I can absolutely understand people who have a problem with 4e's long default combats. My ideal would be for a seamless switch between short combats and longer, tactically deep ones. The latter is important to me, but it'd be nice to have the former for when it makes more sense in the fiction.

It's the same reason I have an issue with assumed numbers of fights per day - it constrains the stories I want to explore.

-O
 

Oh, I dunno. The lack of a really effective quick combat system is my biggest issue with 4e. Its lack is also a big part of why I keep a shelf full of AD&D and retro-clones.

I can absolutely understand people who have a problem with 4e's long default combats. My ideal would be for a seamless switch between short combats and longer, tactically deep ones. The latter is important to me, but it'd be nice to have the former for when it makes more sense in the fiction.

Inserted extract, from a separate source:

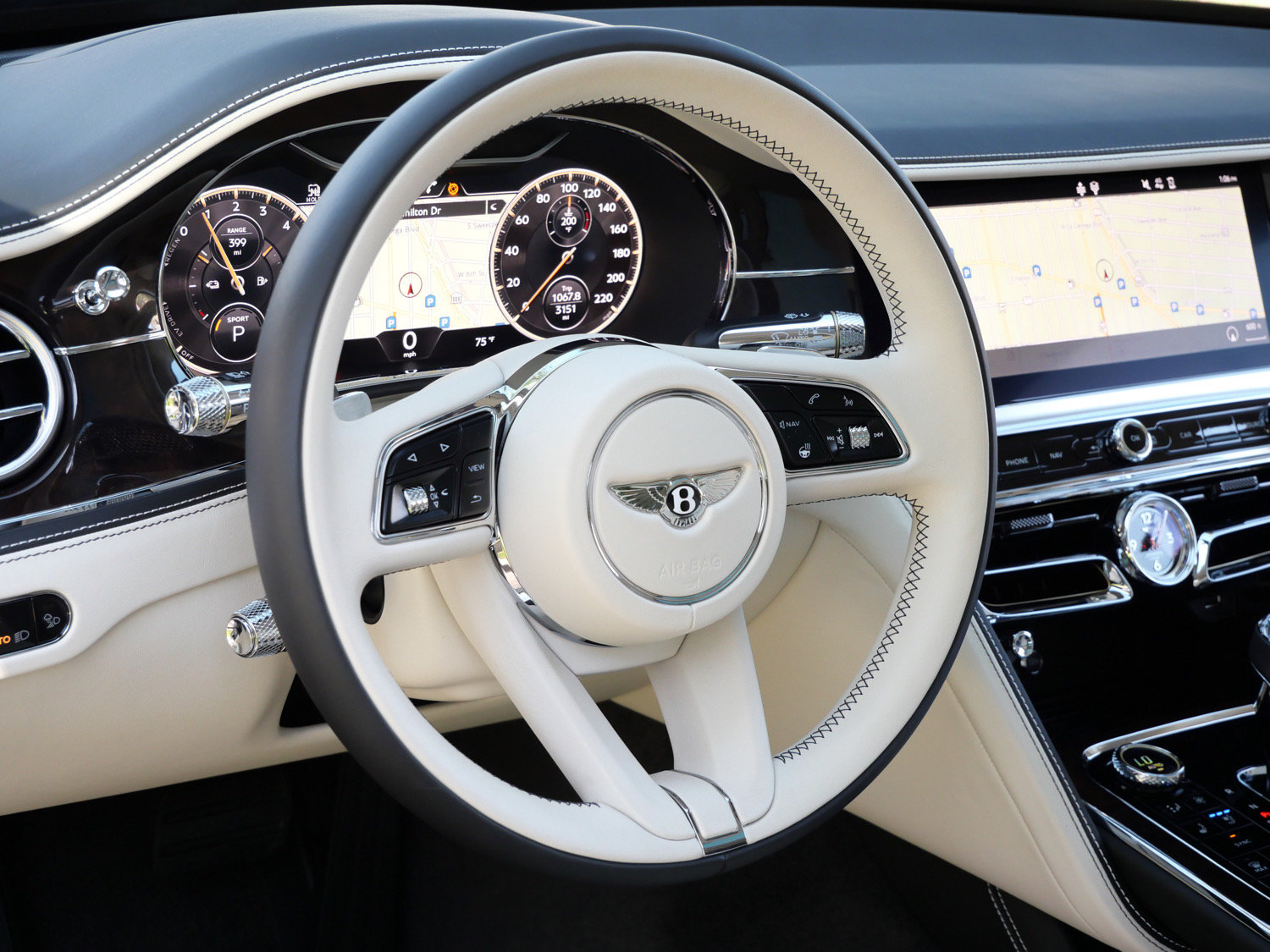 Used 2023 Bentley Flying Spur Plug-In Hybrid AWD/4WD image 15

It's the same reason I have an issue with assumed numbers of fights per day - it constrains the stories I want to explore.

-O

The way to do that in 4E would be to develop a system where in the trivial fights they end as soon as the PCs have clearly won. Play the combat as normal until the tipping point is passed, and then end it right there.
 



But since we seem to be getting crossed up with that word, I'll restate. Mechanically there is no real difference to mitigating damage with healing, or mitigating it with another thematice idea (whether proactive or reactive), the end result is the same. It's a fundamental conceit that can be remedied by changing ones perception, just as 4E players have been advising non-4E players to do so they can get past their perception of divorced mechanics and fluff, and enjoy 4E.

It seems to me that there is a strong resistance being expressed by 4E fans in this thread against such adjustments of perception, which I find ironic (among other things).
It's not ironic at all when you consider you're objectively wrong about the end results being the same.

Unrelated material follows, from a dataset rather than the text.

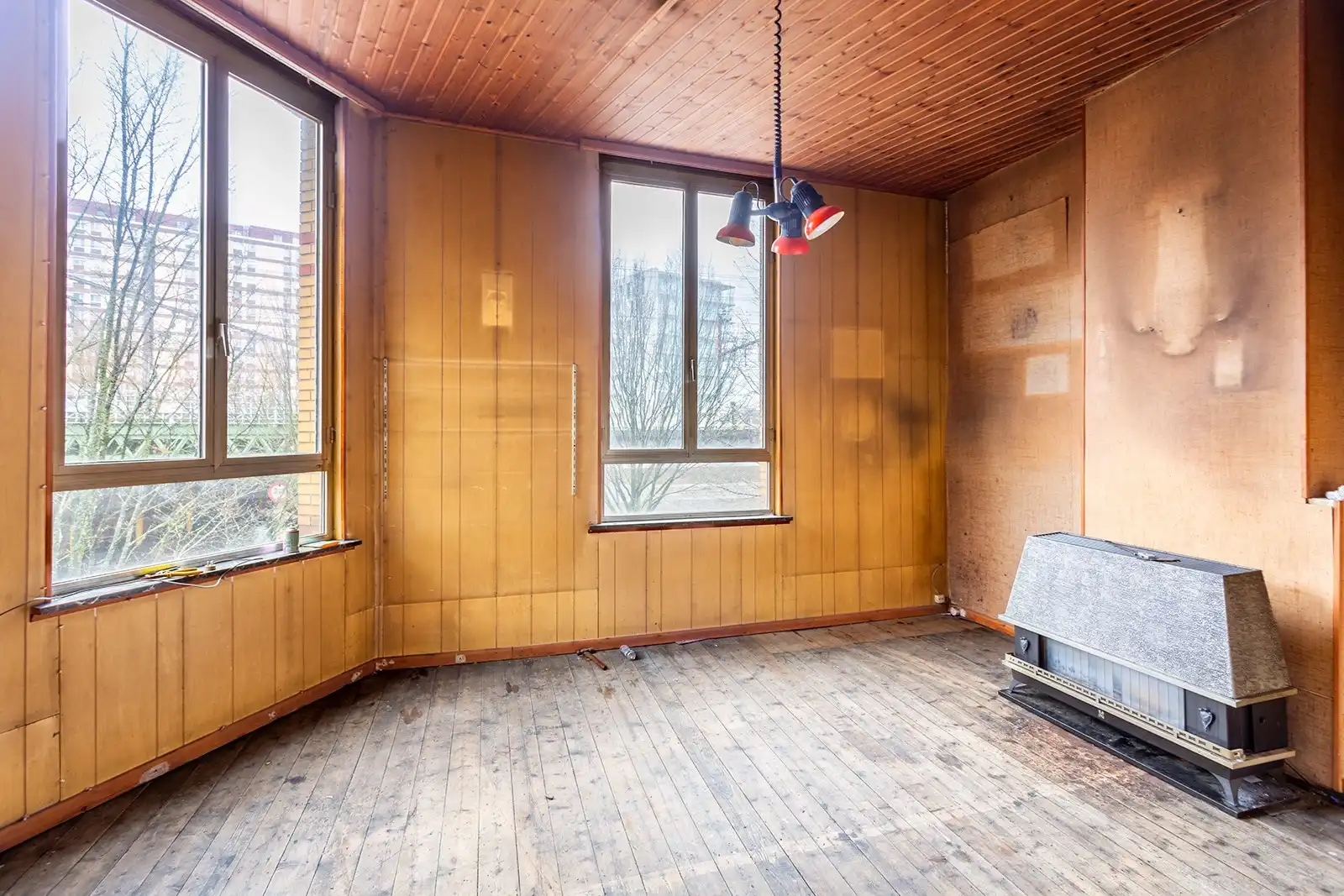 Te renoveren hoekwoning met garage foto 4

If I turn healing powers into temp HP, I'm not re-fluffing them. I'm house ruling.

-O
 

The argument I'm seeing about this, especially as pemerton put it, is that proactively mitigating damage is thematically different than reactively mitigating damage (healing vs. other, differentiation based on an inspiration motif is one of theme). The only difference mechanically is proactive vs. reactive...with the end result the same either way; though I'll admit that I'm not sure what pemerton means by risking waste.

Thematic differences are all about perception, not mechanics. Which is something that 4E players have been telling non-4E players from the very beginnings of the edition. Perception does include "fluff".

But since we seem to be getting crossed up with that word, I'll restate. Mechanically there is no real difference to mitigating damage with healing, or mitigating it with another thematice idea (whether proactive or reactive), the end result is the same. It's a fundamental conceit that can be remedied by changing ones perception, just as 4E players have been advising non-4E players to do so they can get past their perception of divorced mechanics and fluff, and enjoy 4E.

It seems to me that there is a strong resistance being expressed by 4E fans in this thread against such adjustments of perception, which I find ironic (among other things).

That is a load of crap because the reverse isn't true, or is it? Can you re-fluff healing into mitigation? The problem with mitigation is that certain limits are placed on it in terms of timing. Mitigation either has to be performed before, during, or in immediate reaction to damage being taken. You can't mitigate damage taken two rounds earlier, and you can't mitigate damage taken during combat after combat has ended.